Growing up with you for parents was just about the best thing I could ever ask for.  Sure, there were rough patches, but I never once doubted that you guys loved me and would do anything for me.  Without your unconditional love to all of those foster babies (and some non-babies), I don't think I'd be the woman I am today.  And for that, I thank you.  I remember waiting for Dad to come home on Fridays, so excited about the candy bars he would have for us.  I remember loving Halloween parties at school because that meant the entire family took the day off to go bowling.  I remember family grocery shopping for Creation at Sam's (and hoping we were early enough to get the taste tests).  Surfing on Sand Ridge Rd in the back of the big red van, all of us kids snuggling into your bed on Saturday mornings, and playing "hot and cold" on my birthday mornings for that ever-so-important first gift of the day.
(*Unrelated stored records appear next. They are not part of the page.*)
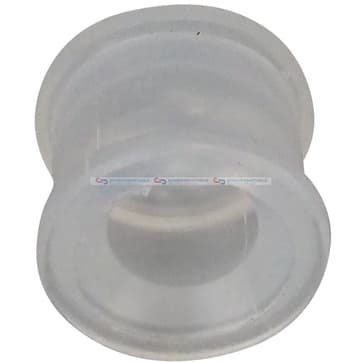 Bussning, selector/shift rod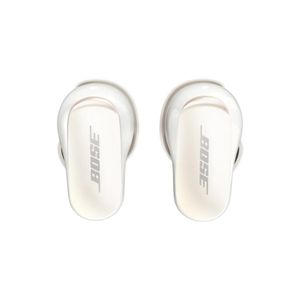 Audifonos Bose QuietComfort Ultra Earbuds Diamond 60th Edition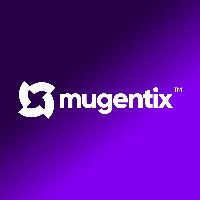 Mugentix Avatar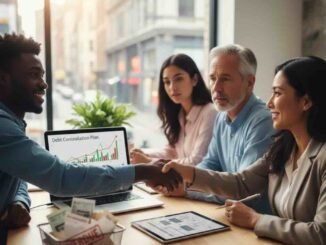 Aizdevums ar sliktu kredītvēsturi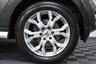 USED 2016 16 MITSUBISHI SHOGUN 3.2 DI-D SG5 5d 187 BHP Click&Collect / Home Delivery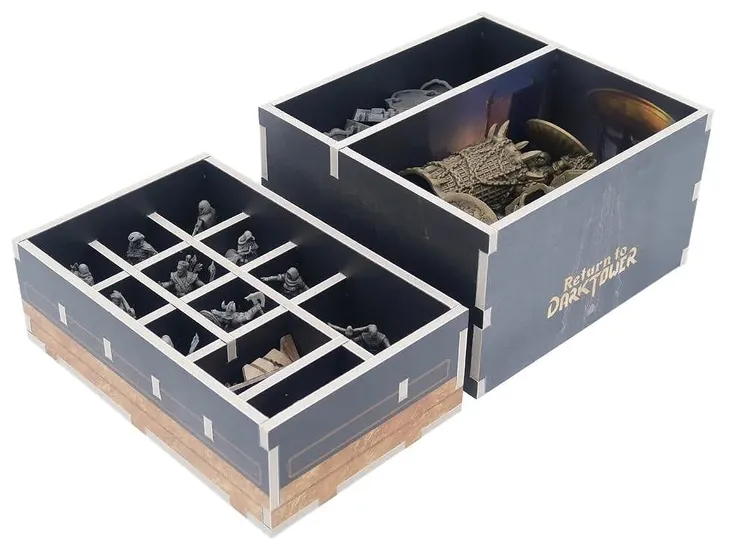 folded-space-insert-do-return-to-dark-tower-stan-nowy-producent-folded-space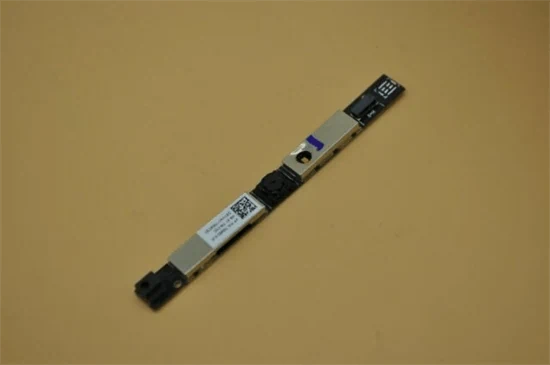 מצלמה למחשב נייד - HP 250 G4 CAMERA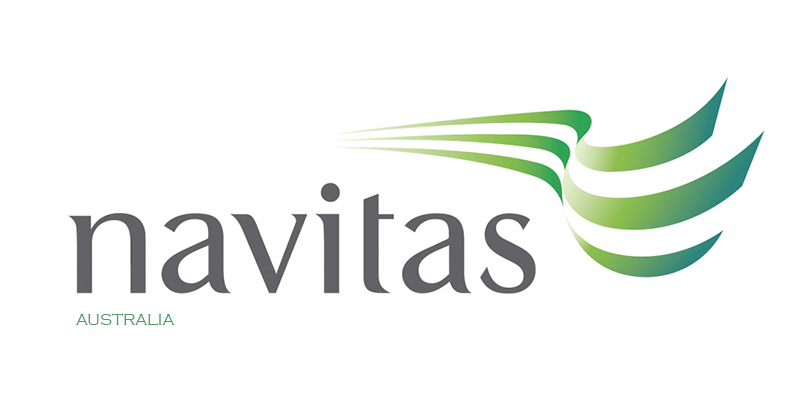 Du học Úc : Cánh cổng Du học mở rộng với Tập đoàn Giáo dục Navitas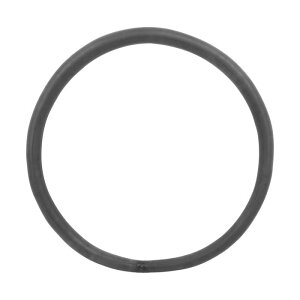 uxcell 24C`ubN]ԃ^C`[u24 * 1-3 / 8oCNCi[`[u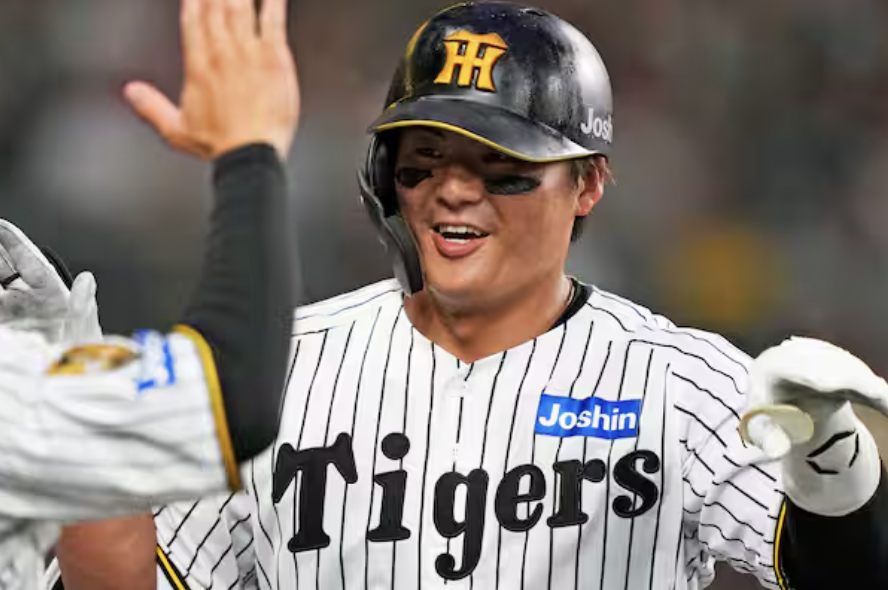 スクリーンショット 2026-07-04 15.26.14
I always knew, without a doubt, that you would always be there for me.  I could give you so many instances over my past 28 years where you were there for me... without reservation, without judgement.  Even if you KNEW that the decision I was making was not the right one, you let me make it.  You let me fall on my face because it was what I needed, and you were there to offer me a hand or two when I would try to get back up.  And you still loved me.  You showed me what I could learn from a situation, and never brought it up again.  You were there for that 3:30a phone call.  You were there for all of my relationship mistakes.  You were even there when I bounced a few checks back in 2002, and you gave me that much-needed wake-up call about responsibility.  Amazingly, you both know how to calm me down when it seems to me that no one gets me and couldn't possibly understand what I'm going through.  You've shown me time and time again that, no, I'm not insane.  I'm just a Taylor.  ; )

Through the toughest situations I've ever seen a couple have to face, you've faced them head-on - together - and never faltered.  You weren't afraid to do what was best for the family, even if it means causing yourselves immense pain in the process.  You've never hidden your love for each other, never been ashamed.

You guys have a marriage that everyone aspires to have.  You love each other - there's no mistaking that.  But what sticks out the most in my mind is how, even when you fight, it's obvious you love each other.  And you stick together through and after each fight.  You love each other more and more every day.

There's so much I could say to try tell you how much you mean to me, but none of it would be enough.  Words can't describe what you've meant to me... to us... to countless people along your journey together.  Thank you for being my parents.  Thank you for being you... thank you for loving each other, and for teaching me what it means to truly love someone.